Wyoming Geological Association

Abstract


The Thrust Belt Revisited; 38th Annual Field Conference Guidebook, 1987
Pages 149-161

Lower Triassic Rocks Within and Adjacent to the Thrust Belt of Wyoming, Idaho, and Utah

Richard A. Paull, Rachel K. Paull

Abstract

Twenty-nine measured sections form the basis of a conodont biostratigraphic study of the Lower Triassic Dinwoody, Woodside, Red Peak, and basal Thaynes formation in the Wyoming-Idaho-Utah thrust belt region. Twenty-two sections are distributed throughout the five major plates of the thrust belt, five sections are in the Wyoming foreland, and two are in the hinterland of Idaho and Utah.

Greenish gray siltstone, shale, and limestone interbeds of the Dinwoody Formation were deposited during an Early Triassic transgression onto the Wyoming shelf. This unit disconformably overlies Upper Permian strata with little physical evidence of a hiatus. The Dinwoody is transitional with the overlying Thaynes in the western part of the study area, and grades laterally and vertically eastward into red beds of the Woodside Formation.

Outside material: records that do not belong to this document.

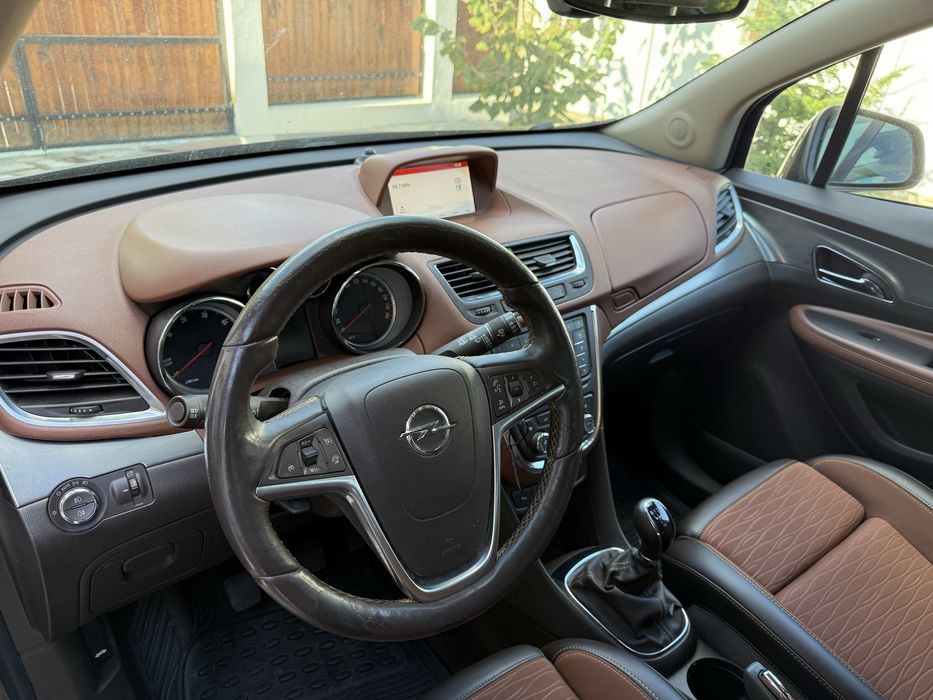 Vand Opel MOKKA 4x4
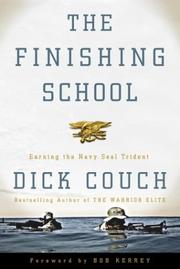 Cover of: The Finishing School: Earning the Navy SEAL Trident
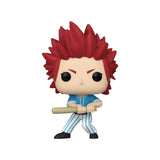 My Hero Academia Hero League Baseball Eijiro Kirishima Funko Pop! Vinyl Figure #1518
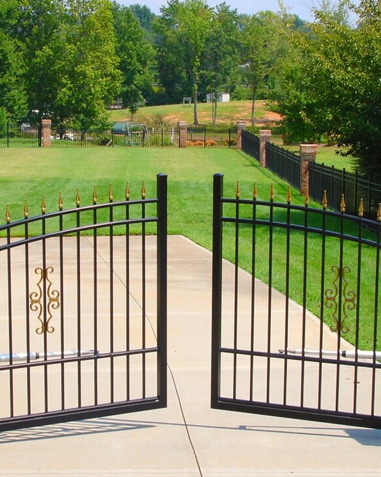 Driveway Gate Repair Montebello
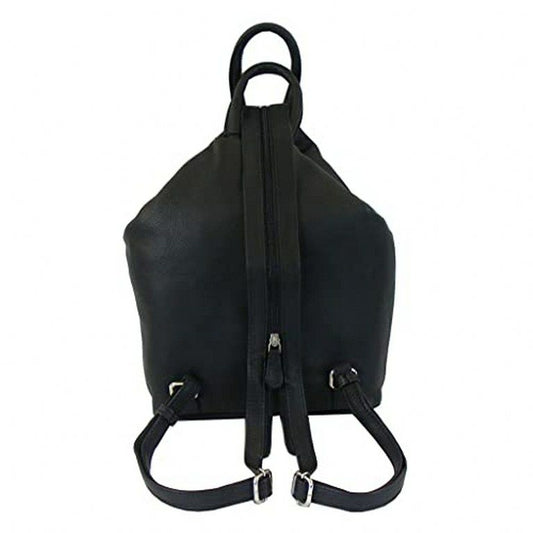 Cityrucksack FLANIGAN Schwarz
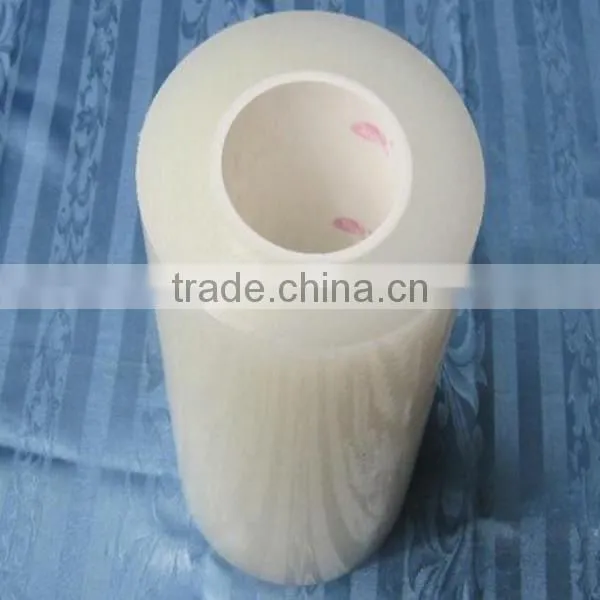 Professional surface protection foil for stainless steel 2014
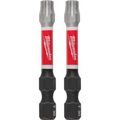 Product Image of SHOCKWAVE Impact Duty 2" TORX T30 Power Bits (Pack of 2), 48-32-4914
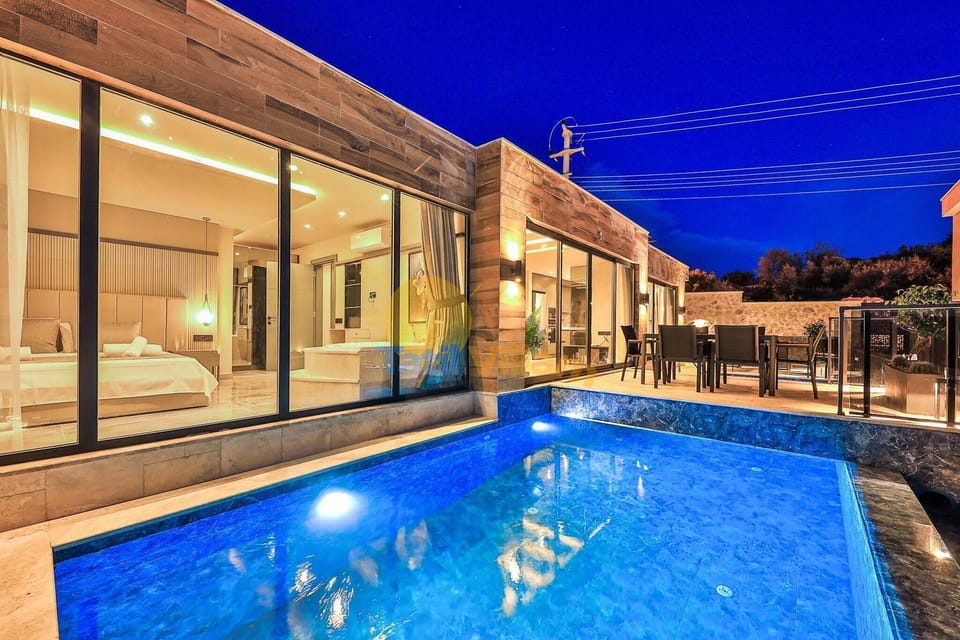Villa, 2 Bedrooms, Private Pool | Pool | Indoor pool
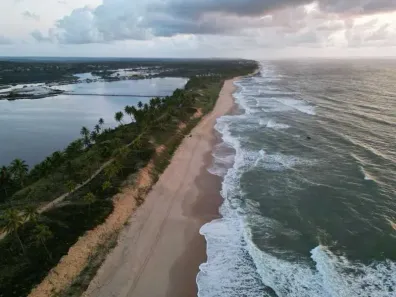 Lote/Terreno à venda, 673m² no , Mata de São João
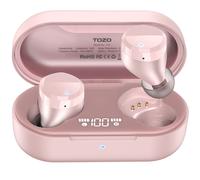 TOZO T12 Wireless Earbuds Bluetooth Waterproof Digital LED Display Headphones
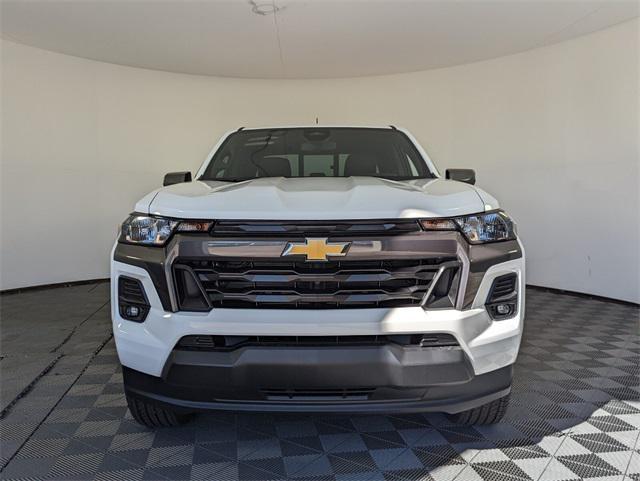 new 2024 Chevrolet Colorado car, priced at $33,910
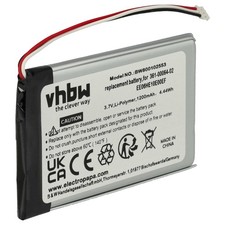 Battery for Garmin Nüvi 3790T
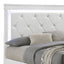 Blaze - Bed With LED Headboard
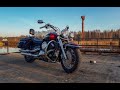 Yamaha Dragstar XVS1100 Classic (13.04.2020)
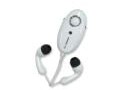 Ergonomic In-Ear Headphones with Integrated Controls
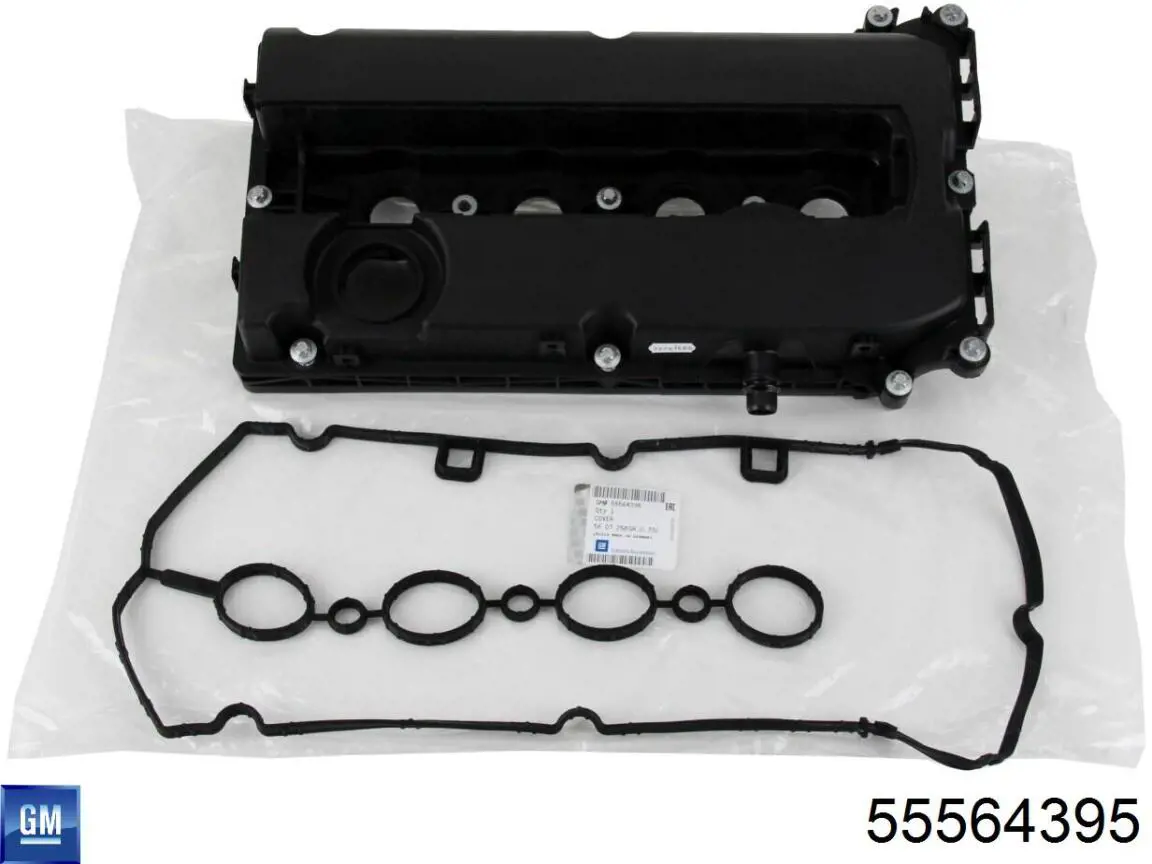 55564395 General Motors Tapa de culata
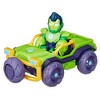IRONMAN Swanson Action Figure Vehicle - 4 of 4
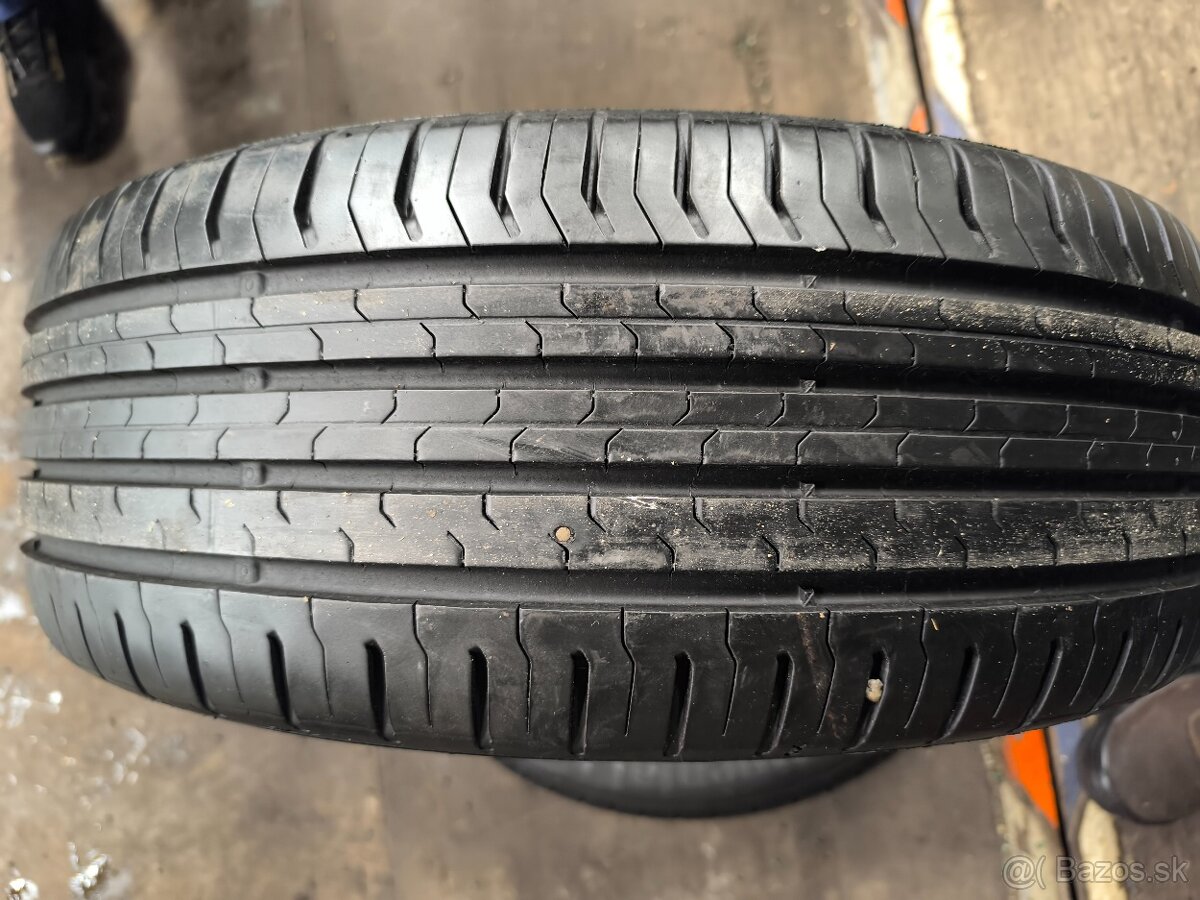 Continental Contiecocontact 5 195/55R16 87H - 2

The thickness of the Dinwoody ranges from 664 m (2180 ft) within the western thrust belt to 38 m (115 ft) in the Wyoming foreland. Thickness variations across major thrust faults are generally less than changes within a given plate.

The Woodside Formation thins westward from a maximum thickness of 216 m (710 ft) in the central part of the thrust belt, to merge into the Dinwoody in the Meade plate. Like the Dinwoody, thickness variations in the Woodside are generally greater within plates than across major thrusts.

The Thaynes Formation generally overlies the Woodside with an abrupt, but conformable, contact. To the west, the basal Thaynes consists of the Meekoceras-bearing limestone member, but this unit and younger limestones are progressively replaced eastward by Woodside and younger red beds. Where the Thaynes loses lithologic identity in the Wyoming foreland, the Woodside is no longer recognized and the red beds are assigned to the Red Peak and younger formations of the Chugwater Group.

Conodont biostratigraphy of the Dinwoody establishes that the initial Triassic (Griesbachian) transgression was extensive and rapid. This advance was followed by a major regression during the Dienerian, when red beds of the Woodside Formation graded westward from the Red Peak Formation. A second major Early Triassic (Smithian) transgression resulted in deposition of Meekoceras-bearing limestone as the basal unit of the Thaynes Formation throughout much of the study area.

Although conodont biostratigraphic zonation of Lower Triassic rocks created a useful framework for evaluating changes in thickness and lithofaces within the Wyoming-Idaho-Utah thrust belt, this information provided few insights into displacements between major thrust plates. as previously described, variations within major plates are generally greater than changes across intervening faults.